■ Vorschlag: Benefiz-Gala gegen Gentrifizierung: Gesang und Elektronik im WMF
Selbst in der taz ist man nicht unbedingt sicher vor Agenturmeldungen, die sich des ominösen Begriffs der „Fremdenfeindlichkeit“ bedienen. Vor kurzem erst durfte man sich etwa darüber informieren, daß in Magdeburg zwei junge Deutsche einen „farbigen“ 14Jährigen überfallen hatten: „Offensichtlich hielten sie ihn für einen Ausländer“, folgerte messerscharf die AFP und demonstrierte damit, wie weit man kommt, wenn man von Rassismus partout nicht reden will: Ob das mit einem ans Revers gehefteten deutschen Paß wohl nicht passiert wäre?
Um Rassismus als solchen zu benennen und die Zusammenhänge zwischen selektiver Wahrnehmung, „gefährlichen Orten“, Gentrifizierung und der Privatisierung des städtischen Raums offenzulegen, wurde letztes Jahr zum ersten Mal die Innenstadtaktion organisiert. Im Rahmen der Aktion wurden bundesweit neun A-clips zu den o.g. Themen in die Werbeblöcke von Kinos geschleust.
Um die zweite Staffel der A-clips mitzufinanzieren, treffen sich heute abend diverse Bands, Projekte oder deren Teilmengen, DJs und Elektroniker zur Benefiz-Gala im WMF. „Aus Liebe zur Musik“ werden gleich zwei Bands mit dabeisein, in denen Ex-Lassie- Singers mitspielen: Die Band Britta definiert ihren Sound als Post- Riot und überzeugt ungehört schon mal durch Songtitel wie „Ich würde Flyer drucken lassen“. Die Berlin-hamburgische Parole Trixie (man beachte die Affintät zu altmodischen Frauennamen) verspricht, „appellativ, glamourös und feministisch“ zu sein.

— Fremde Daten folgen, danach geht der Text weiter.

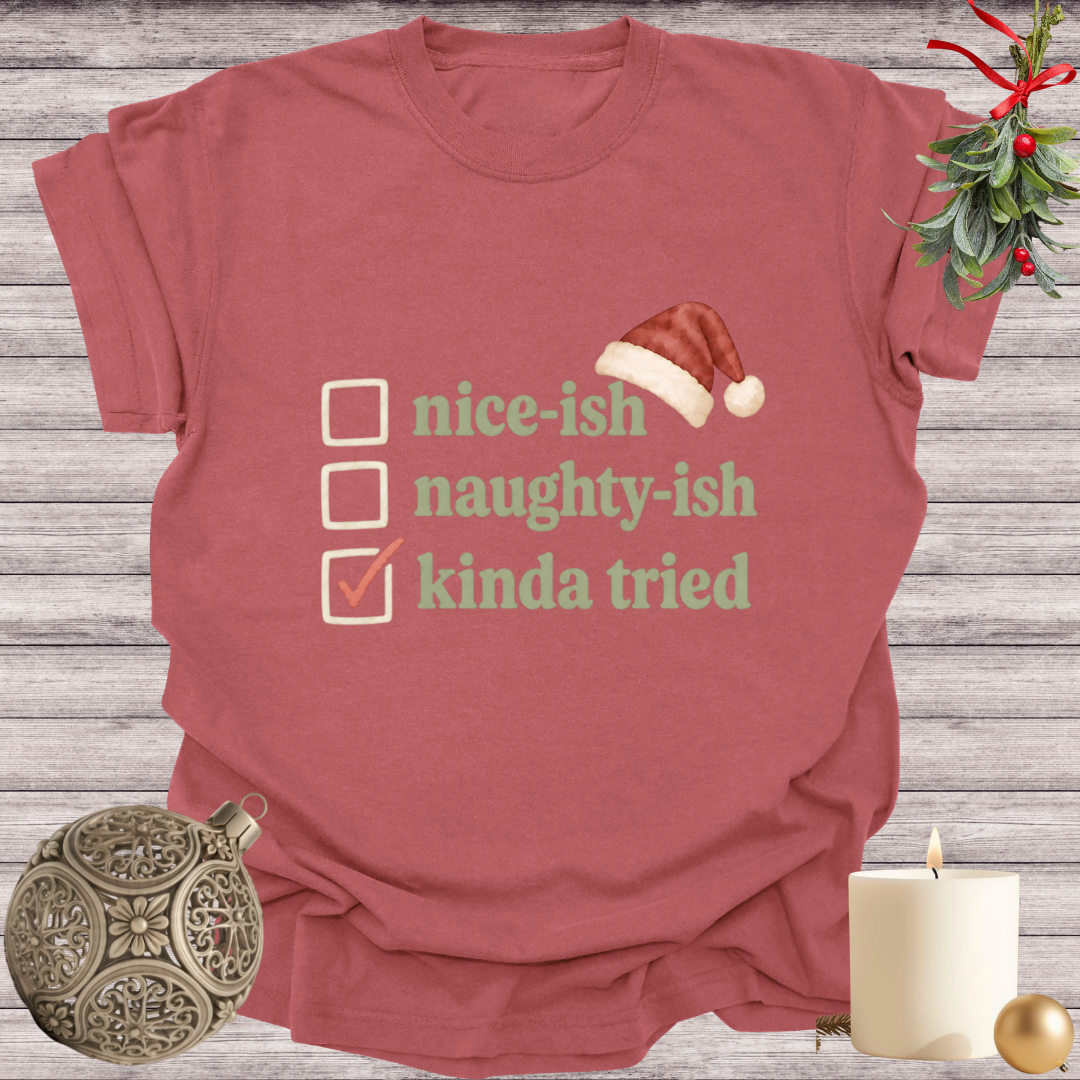 Brick garment-dyed Comfort Colors tee reading "nice-ish, naughty-ish, kinda tried", Soft Rebellion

Das Schreuf/Wenzel/Gaier/Petzi Quartett aus bekannten Brüllen-, Zitronen, Sterne- und FSK-Mitgliedern kündigt sich mit Free Jazz an, was immer das in diesem Fall sein mag, während „Derrick“ aus Hamburg und völlig neu sind. Die Abteilung Gesang wird komplettiert durch Zigarettenrauchen aus Mitte und Nelja Stumps Kurzfilm „Hysterie und Zuversicht.“
Guten Willen elektronischerseits dokumentieren die DJs Bleed, Kazi Lenker und Taschensound, auf deren detailfreudige Sets man vertrauen kann. „Koalition gegen“ wird live House produzieren, was man auch von „Spiralen der Erinnerung“ annehmen darf, hinter denen sich Whirlpools Justus Köhnke verbirgt. Julian Goethe erforscht dagegen seit einiger Zeit die Untiefen der Popgeschichte nach längst vergessenen italienischen Trashblüten und verschollenen Soundtracks. Anlaß genug, tief in die staubige Kiste vergessener Soli-Rituale zu greifen: Kommt massenhaft! Ulrich Gutmair
„Gesang+Elektronik“. WMF, Johannisstr. 19, Mitte. Ab 21.30 Uhr.